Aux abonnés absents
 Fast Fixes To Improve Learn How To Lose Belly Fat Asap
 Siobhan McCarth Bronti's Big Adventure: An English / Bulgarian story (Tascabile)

+ + + +

Would you please write out the entire listing exactly?

- WORKED SOLUTION
Aux abonnés absents
 Fast Fixes To Improve Learn How To Lose Belly Fat Asap
 Siobhan McCarth Bronti's Big Adventure: An English / Bulgarian story (Tascabile)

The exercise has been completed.